Go through the listing below and write out exactly the lines from the one that mentions "Porsche Cayenne E-Hybrid" through the one that mentions "Unieke Ducati 1098S", minus the pictures.

*AVAILABLE DATA*.
-*-*-
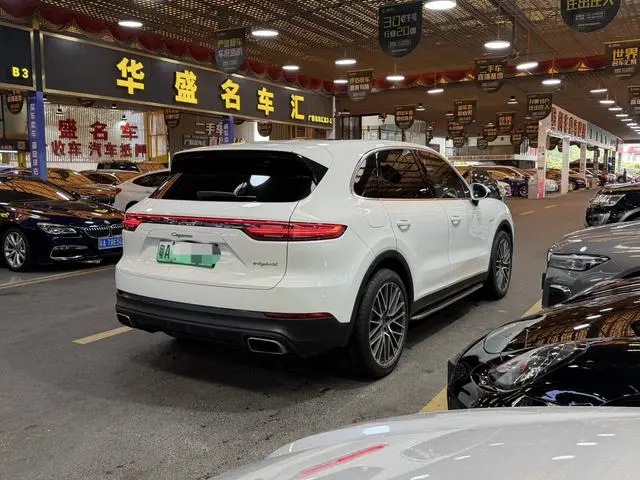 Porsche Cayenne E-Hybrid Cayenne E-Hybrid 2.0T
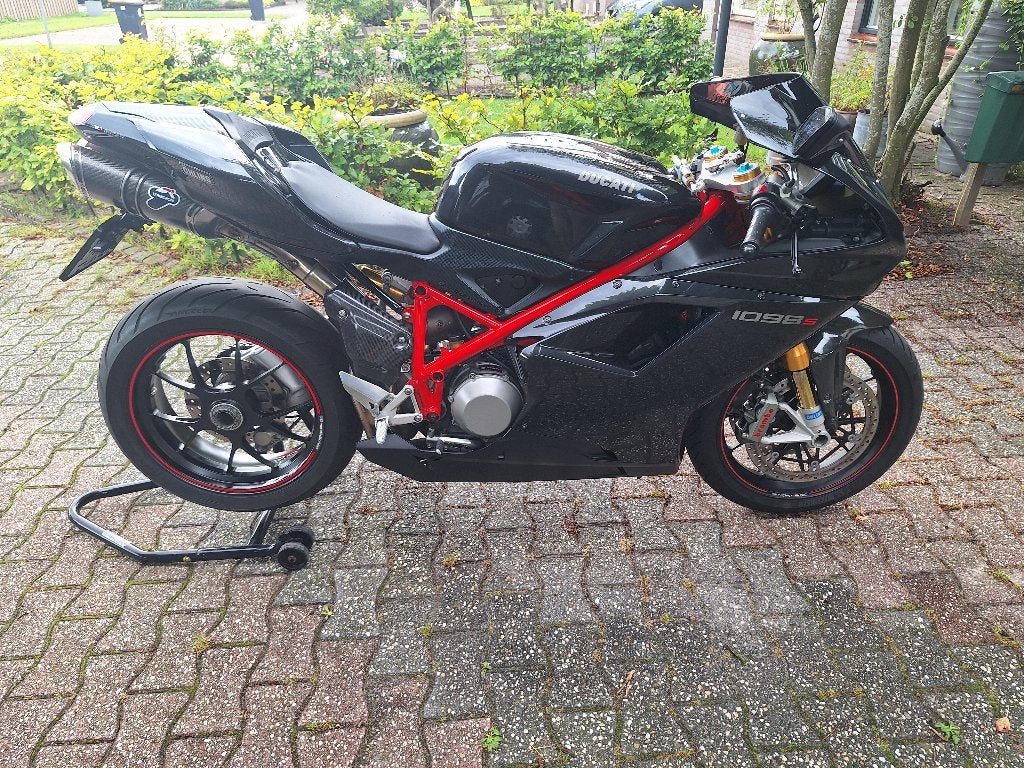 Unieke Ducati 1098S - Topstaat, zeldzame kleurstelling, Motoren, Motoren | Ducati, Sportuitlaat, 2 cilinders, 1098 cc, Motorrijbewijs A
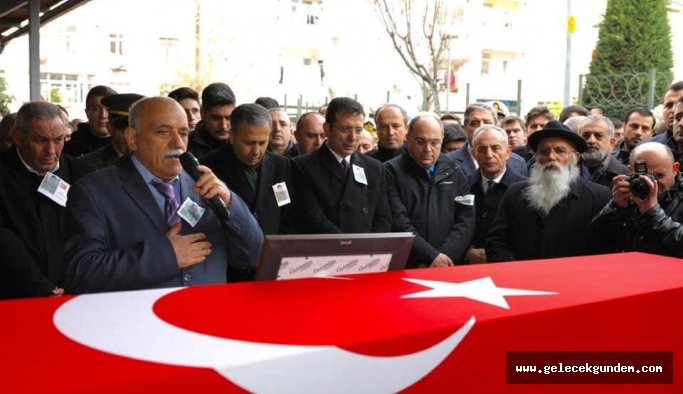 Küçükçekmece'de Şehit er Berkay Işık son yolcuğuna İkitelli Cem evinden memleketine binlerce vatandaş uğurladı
-*-*-
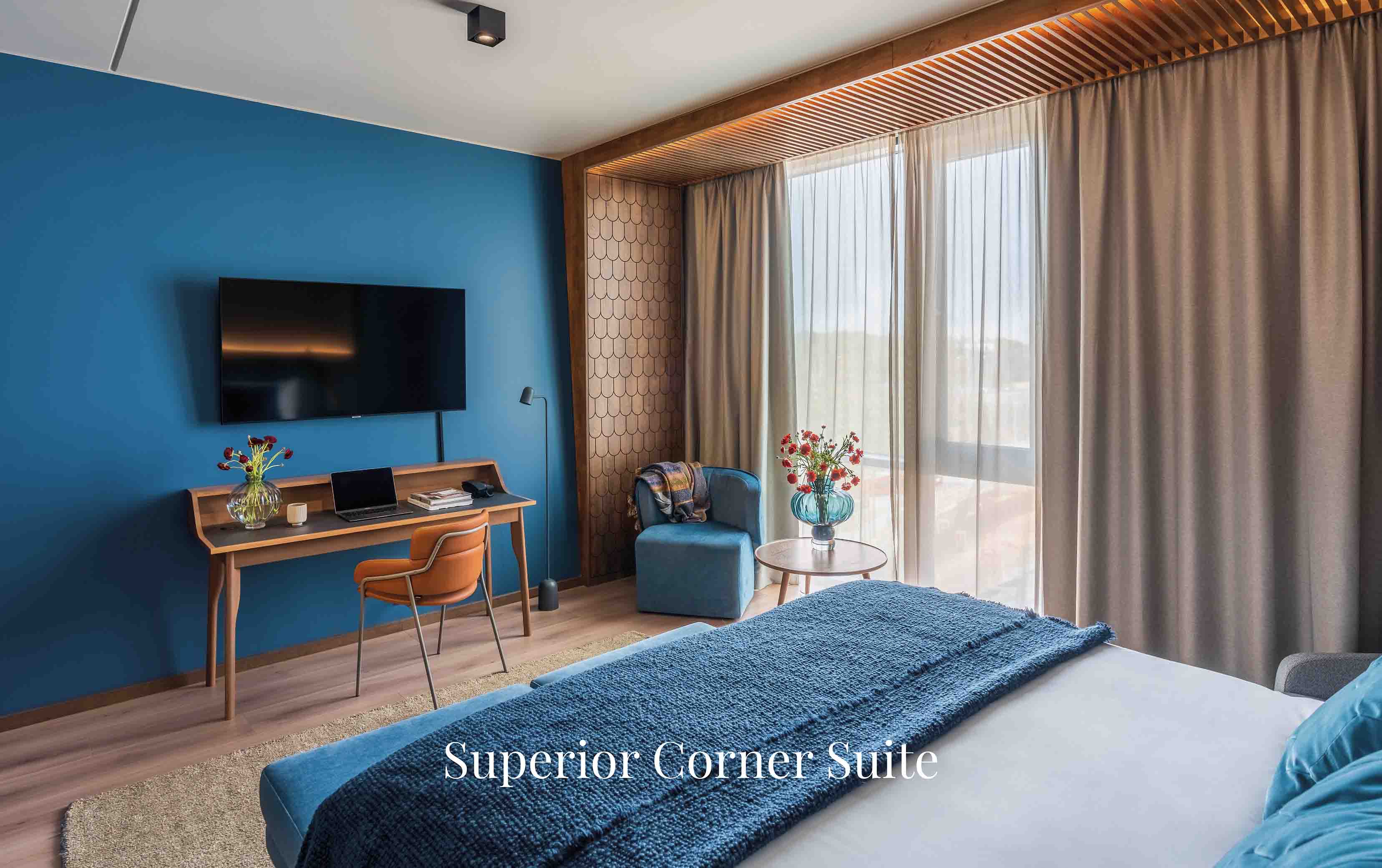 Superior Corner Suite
-*-*-
*TASK RESULT*.
 Porsche Cayenne E-Hybrid Cayenne E-Hybrid 2.0T
 Unieke Ducati 1098S - Topstaat, zeldzame kleurstelling, Motoren, Motoren | Ducati, Sportuitlaat, 2 cilinders, 1098 cc, Motorrijbewijs A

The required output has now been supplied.